Registered: 08/11/01
Posts: 7693
Loc: Norfolk, England
 Quote:
Not to blow my own trumpet here... but I have a page of phone wiring diagrams

Blow away!

 Quote:
Also, interesting to note the reverse dial.....

In my younger days, before I had learned of the backward NZ dial, I wondered why Auckland had been assigned STD code 09. It seemed kind of odd (bearing in mind that in Britain we were all used to London having the shortest possible code 01).

Of course, it makes perfect sense once you see this. I would still find an NZ rotary dial odd though -- Just too used to American/British I suppose.
 Quote:
I believe one or more of the Nordic countries may also have used that form of dialling?


Sweden used a dial with the numbers running upwards as normal but with zero at the beginning, i.e.
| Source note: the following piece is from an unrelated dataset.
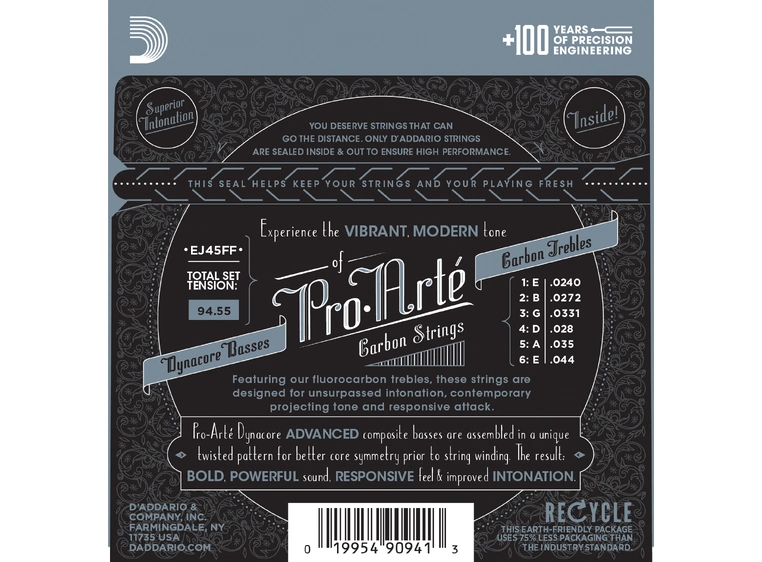 D'addario EJ45FF Pro Arte Dyna/Carbon (024-044)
UK positions 1-2-3-4-5-6-7-8-9-0 corresponded to 0-1-2-3-4-5-6-7-8-9. Again, I remember seeing their emergency number 90000 and wondering why ? Makes more sense when you consider that it would be just like dialing 01111 here.

Re the "octothorpe," the reason it's sometimes called pound is because in the U.S. the symbol can be seen after a weight as shorthand for "lb." And of course, I'm sure you're aware of BT's annoying habit of calling it "square."